Friday, November 25, 2016


Jesse Eisenberg
Jason Segel
You know this story because it’s yours and it’s mine.  David Lipsky and David Foster Wallace, two gifted writers, meet for the first time in 1996 in the movie “The End of the Tour” on a day like today.  Wallace is an acclaimed novelist on tour selling his latest book and Lipsky, also a published author, is assigned by Rolling Stone Magazine, to write a profile piece on DFW.  Wallace teachers creative writing at a Midwest university,
The chemistry is right between Jason Segel as Wallace and Jesse Eisenberg as Lipsky with James Ponsoldt directing.  One reviewer called it “funny” but that misses the point.  Maybe it’s ironic.  Both characters are in thirty-something limbo and meet at the right time.  The dynamics of bonding are explored where the two Daves are first antagonists but find they have much in common.  Lipsky stays overnight at Wallace’s home and snoops through his stuff to get a better idea about the “real” Wallace.
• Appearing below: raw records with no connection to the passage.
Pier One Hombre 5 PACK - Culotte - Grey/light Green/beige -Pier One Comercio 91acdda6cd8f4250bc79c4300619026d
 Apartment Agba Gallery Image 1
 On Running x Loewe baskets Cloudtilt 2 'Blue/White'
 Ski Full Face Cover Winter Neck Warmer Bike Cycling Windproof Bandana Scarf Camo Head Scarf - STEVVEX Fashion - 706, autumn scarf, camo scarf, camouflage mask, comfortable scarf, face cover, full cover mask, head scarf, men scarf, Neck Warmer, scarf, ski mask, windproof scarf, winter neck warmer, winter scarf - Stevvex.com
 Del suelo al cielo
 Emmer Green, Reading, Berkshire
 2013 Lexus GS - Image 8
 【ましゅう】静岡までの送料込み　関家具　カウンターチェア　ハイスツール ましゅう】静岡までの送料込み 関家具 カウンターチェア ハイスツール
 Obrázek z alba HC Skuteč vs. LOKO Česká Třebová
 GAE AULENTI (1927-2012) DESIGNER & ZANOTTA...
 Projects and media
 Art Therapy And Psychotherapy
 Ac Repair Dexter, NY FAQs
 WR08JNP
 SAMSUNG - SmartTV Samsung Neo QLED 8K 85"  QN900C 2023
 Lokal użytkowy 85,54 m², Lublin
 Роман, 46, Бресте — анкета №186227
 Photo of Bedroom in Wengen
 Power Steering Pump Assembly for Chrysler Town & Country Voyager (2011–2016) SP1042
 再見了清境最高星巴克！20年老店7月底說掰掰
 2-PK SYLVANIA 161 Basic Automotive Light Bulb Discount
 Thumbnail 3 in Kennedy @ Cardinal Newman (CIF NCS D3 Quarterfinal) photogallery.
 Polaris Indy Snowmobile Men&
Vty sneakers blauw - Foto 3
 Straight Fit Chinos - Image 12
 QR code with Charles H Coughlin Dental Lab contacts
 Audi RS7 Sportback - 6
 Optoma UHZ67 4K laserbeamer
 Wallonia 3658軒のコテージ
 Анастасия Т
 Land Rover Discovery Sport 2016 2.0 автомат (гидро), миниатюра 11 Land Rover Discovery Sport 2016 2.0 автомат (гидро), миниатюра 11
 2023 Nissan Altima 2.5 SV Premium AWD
Lipsky and Wallace then fly to Minneapolis where Wallace, at the end of the book tour, gets a short downtown tour.  On the way to the reading, they pass the Mary Tyler Moore statue on Nicollet Mall which is a defining local icon, their local driver explains, but to some visitors it’s hokey small town bad taste hilarious.  The two writers do more sharing at the Mall of America with the theme park in the background, another iconic Twin Cities venue.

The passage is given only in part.